## The data
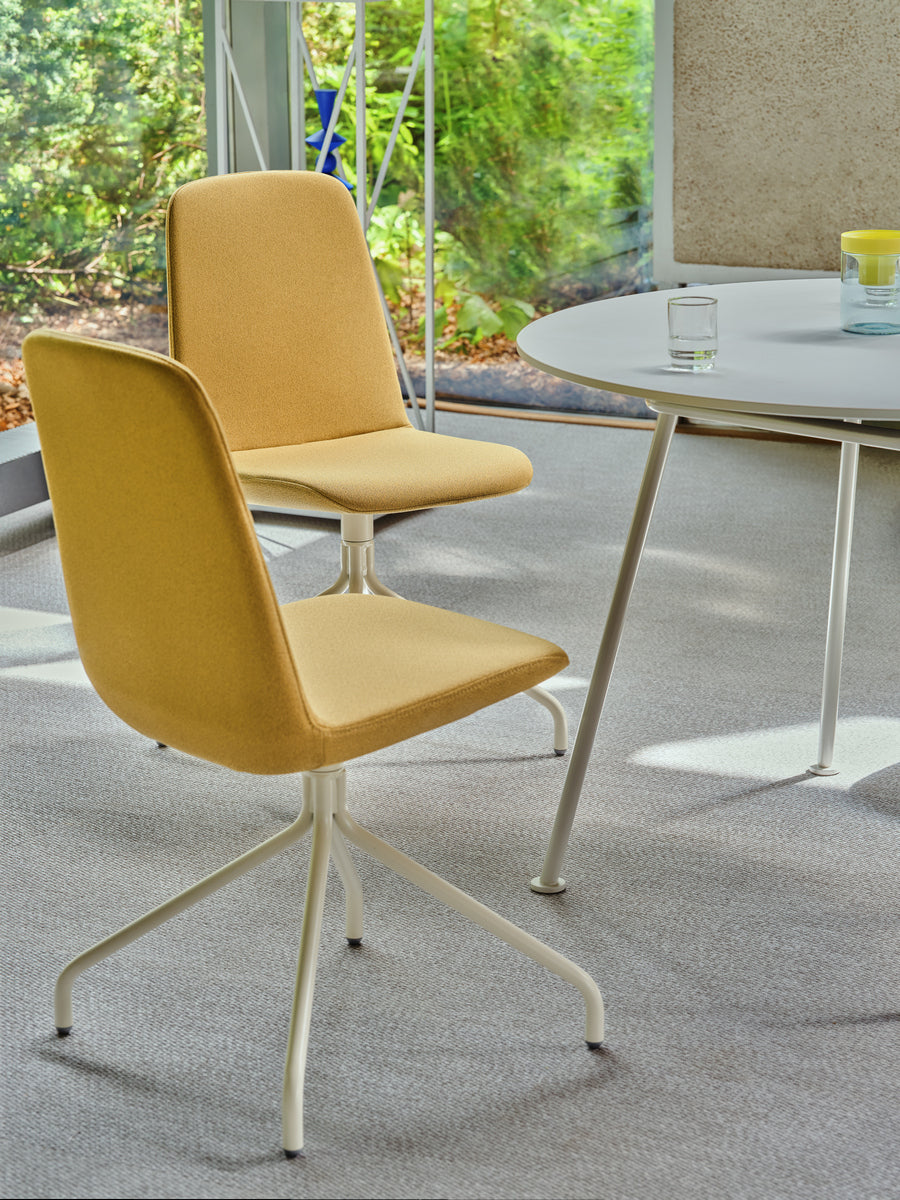 Ulti UKP17 - Stuhl Drehbasis in Anthrazit präsentiert im Onlineshop von KAQTU Design AG. Drehstuhl ist von Mdd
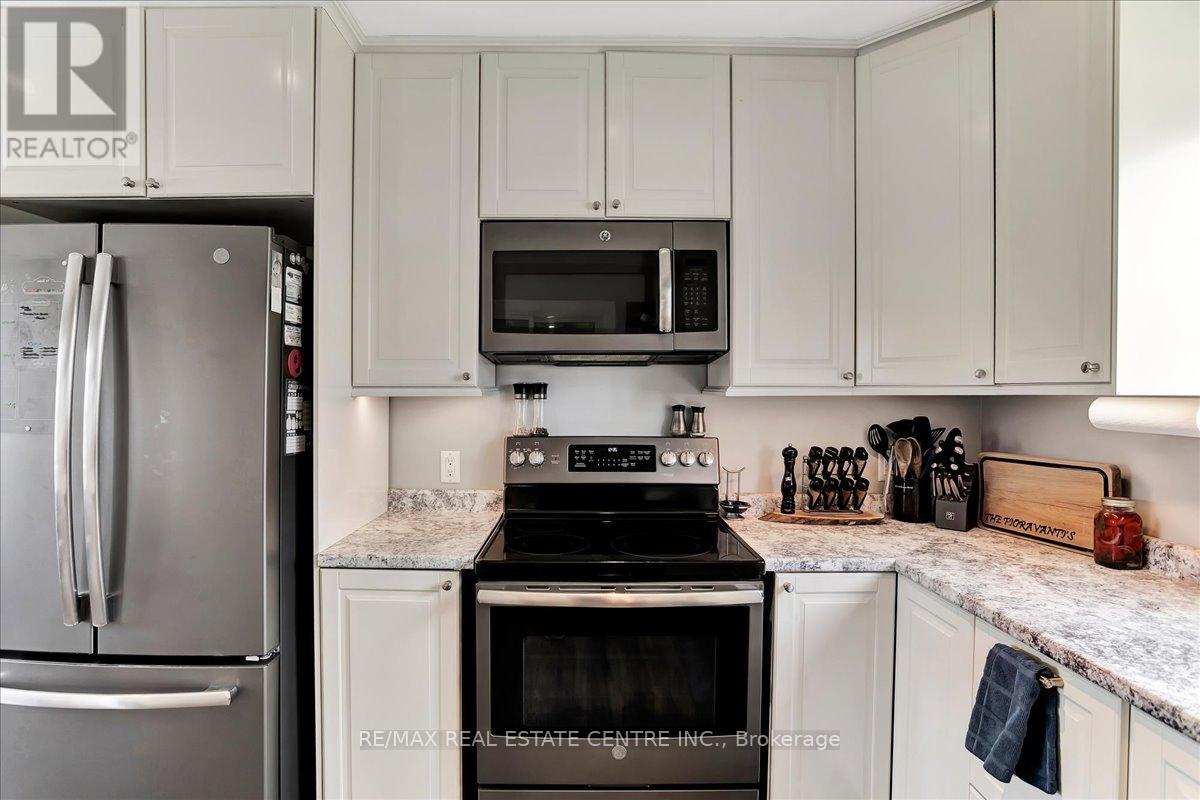 359 First Line, Haldimand, Ontario  N0A 1H0 - Photo 17 - X12077770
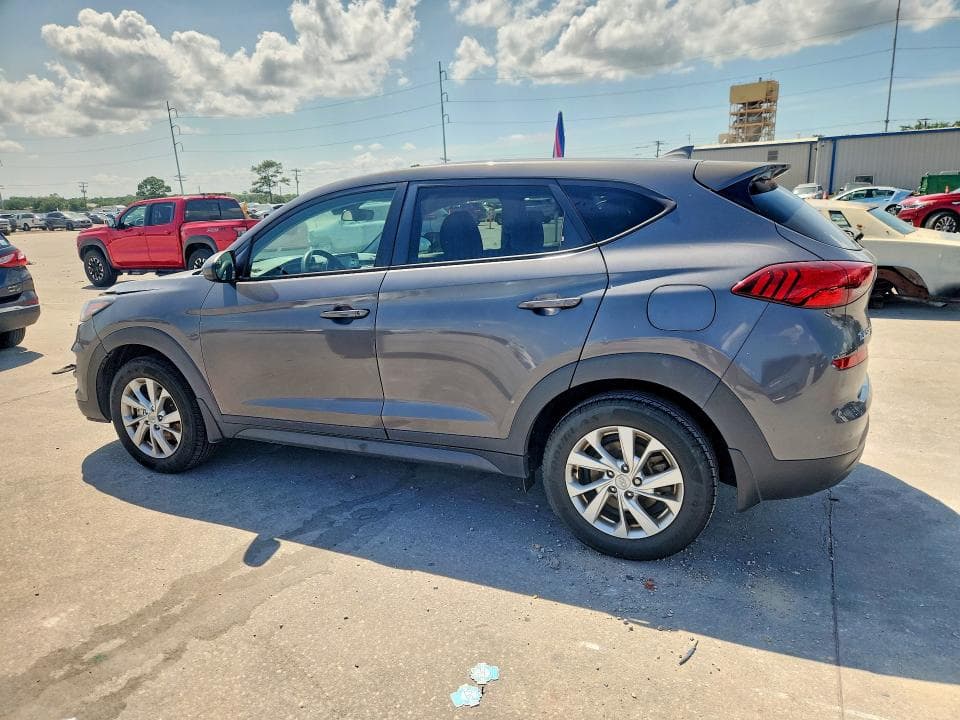 2021 HYUNDAI TUCSON SE 2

## Task prompt
Output all the data above verbatim, leaving out images.

## Solution
 Ulti UKP17 - Stuhl Drehbasis in Anthrazit präsentiert im Onlineshop von KAQTU Design AG. Drehstuhl ist von Mdd
 359 First Line, Haldimand, Ontario  N0A 1H0 - Photo 17 - X12077770
 2021 HYUNDAI TUCSON SE 2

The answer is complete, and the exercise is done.